SQI faculty member Jonathan Rivnay has garnered two research grants totaling $1.8 million to explore different approaches for using electroactive scaffolds to affect regeneration of peripheral nerves. In both cases, the idea is to design new materials and biocomposites that will allow for electrical stimulation at the site of nerve damage, as electrical stimulation is known to influence cellular processes linked to nerve repair and regeneration.

SQI director Samuel Stupp was highlighted in a recent Weinberg College of Arts & Sciences article about how fundamental research has laid the groundwork for potential solutions for COVID-19. In Stupp’s case, his experience conducting pioneering research on peptide materials for regenerative medicine enabled him to rapidly pivot and explore the possibility of using peptide-based therapies to treat COVID-19.

“You have to draw from many parts of science to solve problems, and it’s very difficult to predict which ones will be the most useful,” Stupp said. “This pandemic illustrates a very important point: that even though I was not focused on viral infections, I was able to use my knowledge and my experience in something else that is directly applicable to the current COVID-19 challenge.”
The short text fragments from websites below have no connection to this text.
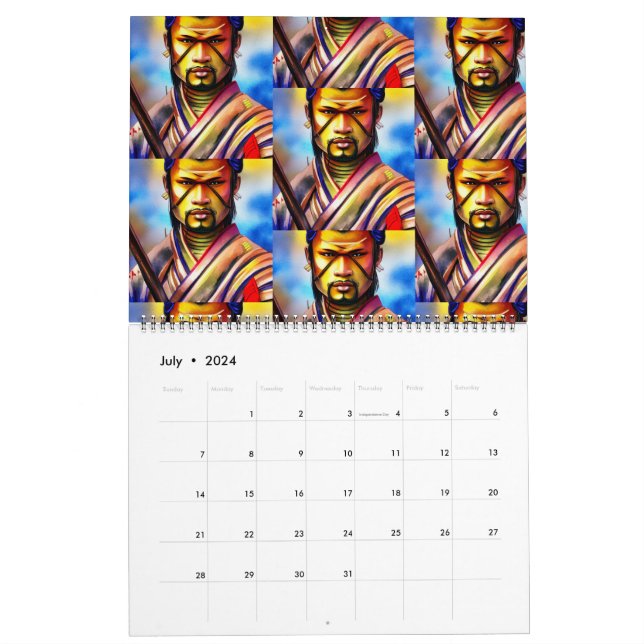 Samurai Bushido Kalender (Jul 2024)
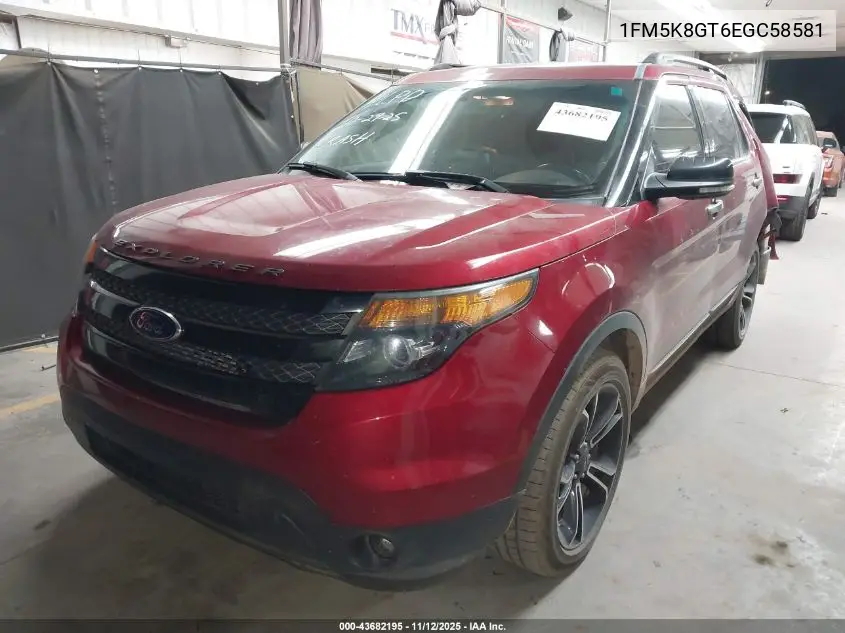 1FM5K8GT6EGC58581 2014 Ford Explorer Sport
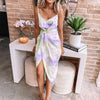 Irregular tie dye Halter Dress Angelwarriorfitness.com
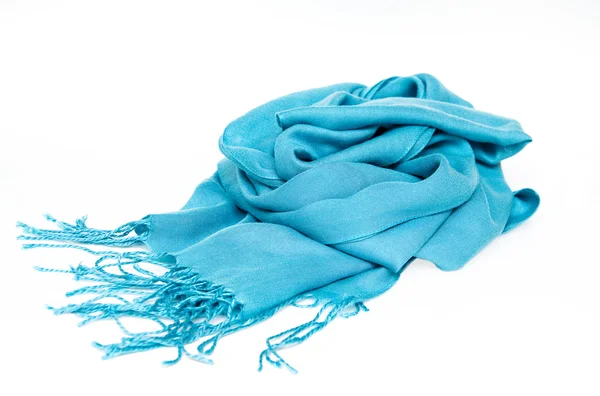Niebieski szalik — Zdjęcie stockowe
Researchers led by SQI faculty member Nathan Gianneschi have synthesized a new form of melanin enriched with selenium that shows extraordinary promise as a shield for human tissue against harmful radiation.

Gianneschi and his team envision that this new biomaterial, called "selenomelanin," could be applied to a person’s skin, like a melanin-based sunscreen. It could also be used as a protective film to shield materials from radiation while in transit, including during space travel.

Mark Karver, director of SQI’s Peptide Synthesis Core (PSC), was highlighted in the latest “Breakthroughs” newsletter produced by the Feinberg School of Medicine Research Office. In the interview, Karver describes the research trajectory that led him to Northwestern, the wide range of collaborations that involve the PSC and a current project investigating the use of peptide-based therapies for COVID-19.

Researchers from Northwestern University and Iowa State University have developed a graphene-based electrochemical biosensor capable of detecting histamines (allergens) and toxins in food, with a low manufacturing cost and a much faster response than standard laboratory tests. SQI faculty member Mark Hersam was a co-corresponding author on the research, which showed that the printable biosensors could detect toxicologically relevant levels of histamine in both a buffer solution and fish broth.  

“These biosensors can be used in many settings such as import and export ports, food processing facilities, and supermarkets, where continuous on-site monitoring of food samples is needed,” Hersam said. “On-site testing would eliminate the need to send food samples for laboratory testing, which requires additional steps for handling and increases time and cost for analysis — consequently increasing the risk of foodborne illnesses and food wastage.”